New study shows high cholesterol delays pregnancy

news
23 May 2014

A new study has shown that pregnancy in couples trying to have children might be delayed due to high cholesterol.

Researchers examined 501 couples as they tried to conceive over a year and found couples with high cholesterol took the longest time to conceive a child.

According to Enrique F Schisterman, MS, PhD, of the National Institutes of Health's Eunice Kennedy Shriver National Institute of Child Health and Human Development, the study also found couples in which the woman had high cholesterol and the man did not, took longer to become pregnant than couples where both partners had cholesterol levels in the normal range.

He added, the results suggested prospective parents might want to have their cholesterol checked to ensure their levels were in an acceptable range.

The researchers from the NIH, the University of Buffalo and Emory University monitored 501 couples that formed part of the Longitudinal Investigation of Fertility and the Environment study.

That study, lasting a year examined the effects that environmental and lifestyle factors might have on couples' health and fertility. The latest study, involved couples from Michigan or Texas who had been trying to conceive naturally. The ages of the women ranged from 18 to 44 with the men all older than 18. The couples who became pregnant over the years numbered 347.

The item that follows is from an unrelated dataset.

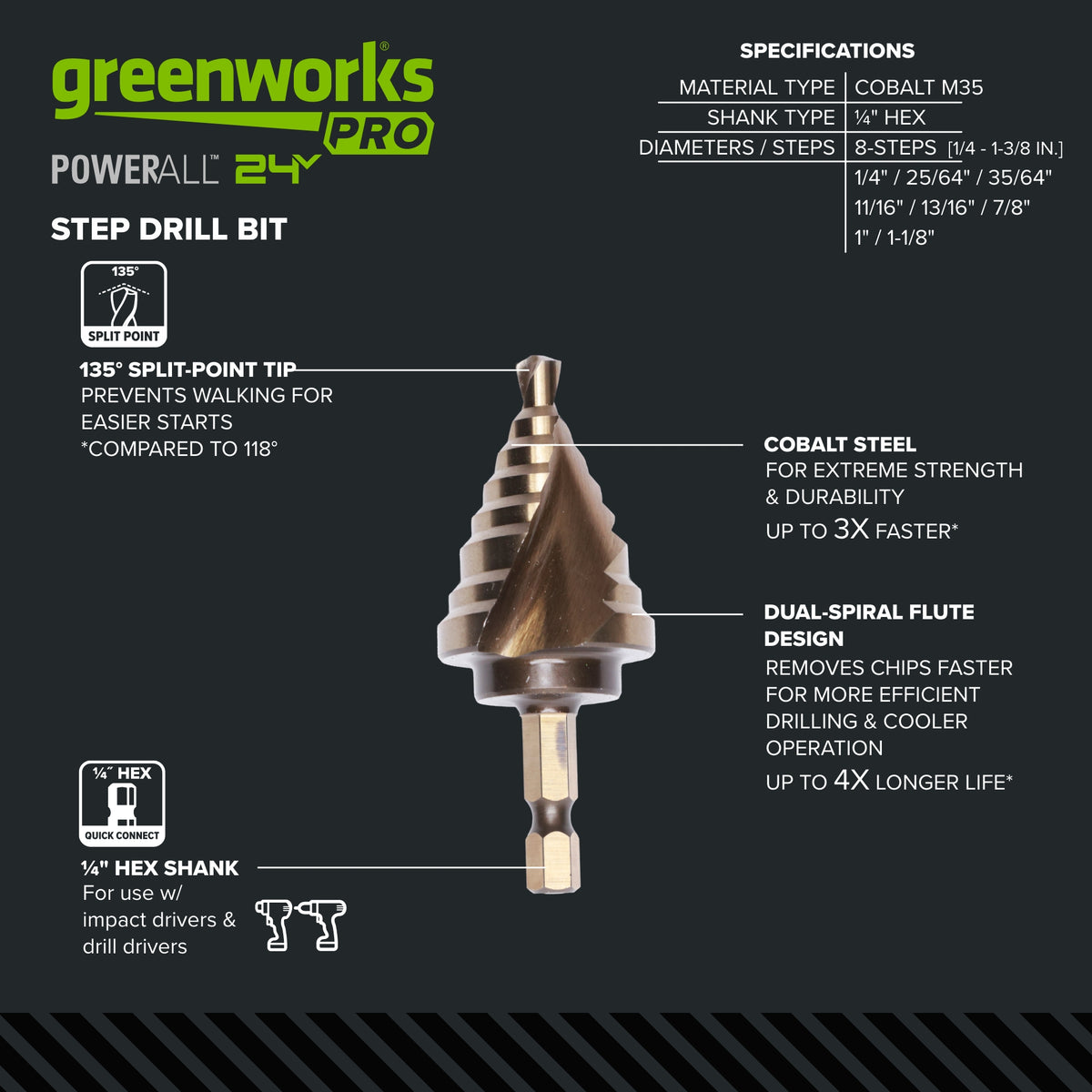 3 Series Cobalt #5 Step Drill Bit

The researchers collected data on each participant's cholesterol levels, including HDL (high density lipoprotein) cholesterol, LDL (low density lipoprotein) cholesterol and triglycerides via blood samples.

The team used a mathematical formula called the fecundability odds ratio, which estimated each couple's chances of getting pregnant as also the amount of time it would take.

The team discovered that women having higher free cholesterol levels were less likely to get pregnant within the time frame of the study.

The study showed that even if the man had normal cholesterol levels, the couple's chances of getting pregnant were still less if the woman had high cholesterol.

According to Schisterman who spoke to Fox News, the researchers found a relationship between high free cholesterol levels and a longer time to pregnancy in couples.

He added, this was the first study to look at cholesterol levels in both partners at the same time, and their influence on the probability of becoming pregnant.